Exercise material
::::::
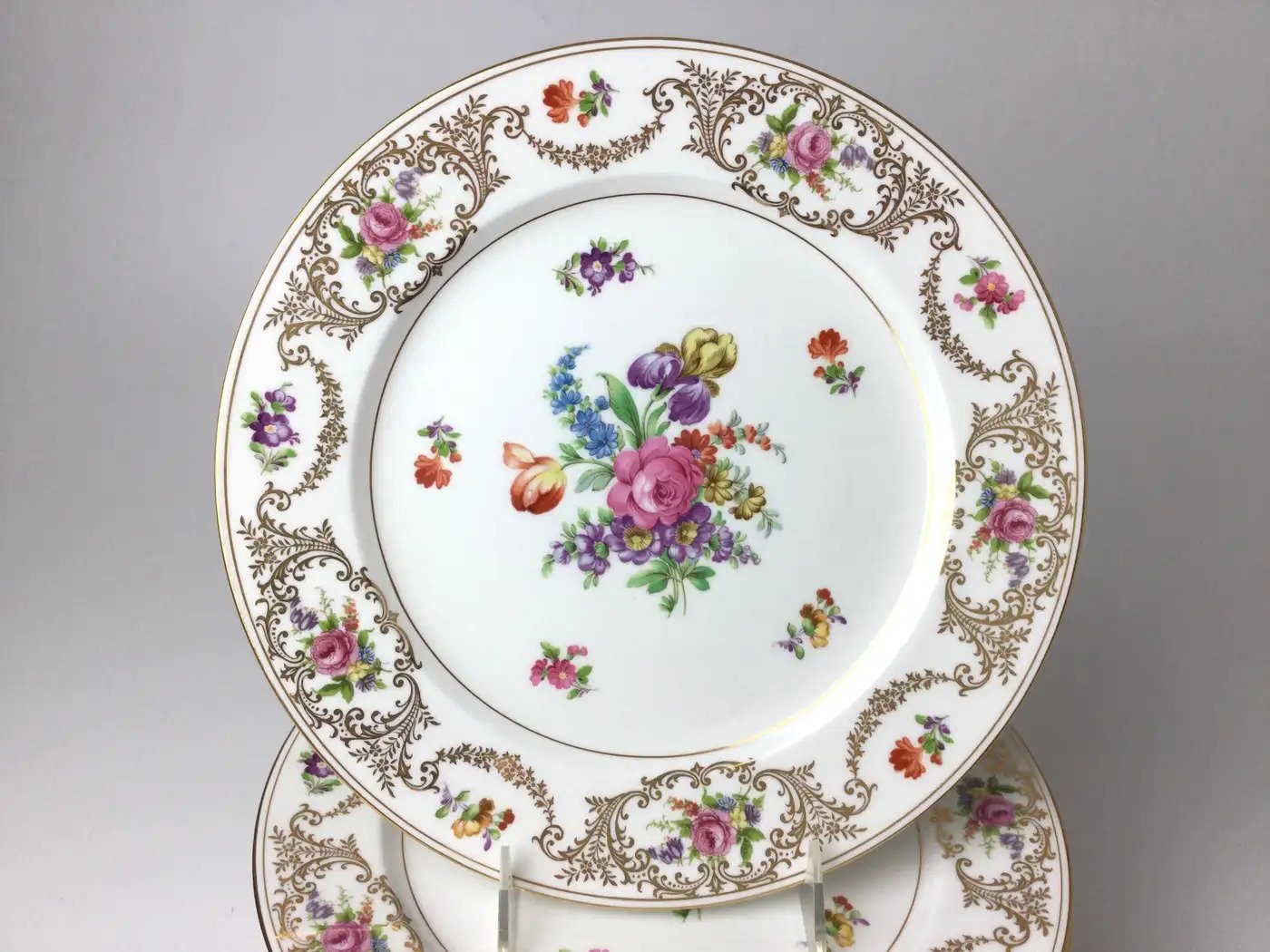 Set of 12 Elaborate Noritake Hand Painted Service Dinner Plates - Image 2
::::::
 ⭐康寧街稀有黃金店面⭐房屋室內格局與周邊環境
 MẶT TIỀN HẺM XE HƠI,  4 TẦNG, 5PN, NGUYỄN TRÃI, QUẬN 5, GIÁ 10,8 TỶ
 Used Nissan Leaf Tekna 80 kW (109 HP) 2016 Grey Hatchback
::::::
What the task requires
Give back, word for word, only the lines above from the line holding "MẶT TIỀN HẺM" to the line holding "Used Nissan Leaf", both included.

Exercise answer
 MẶT TIỀN HẺM XE HƠI,  4 TẦNG, 5PN, NGUYỄN TRÃI, QUẬN 5, GIÁ 10,8 TỶ
 Used Nissan Leaf Tekna 80 kW (109 HP) 2016 Grey Hatchback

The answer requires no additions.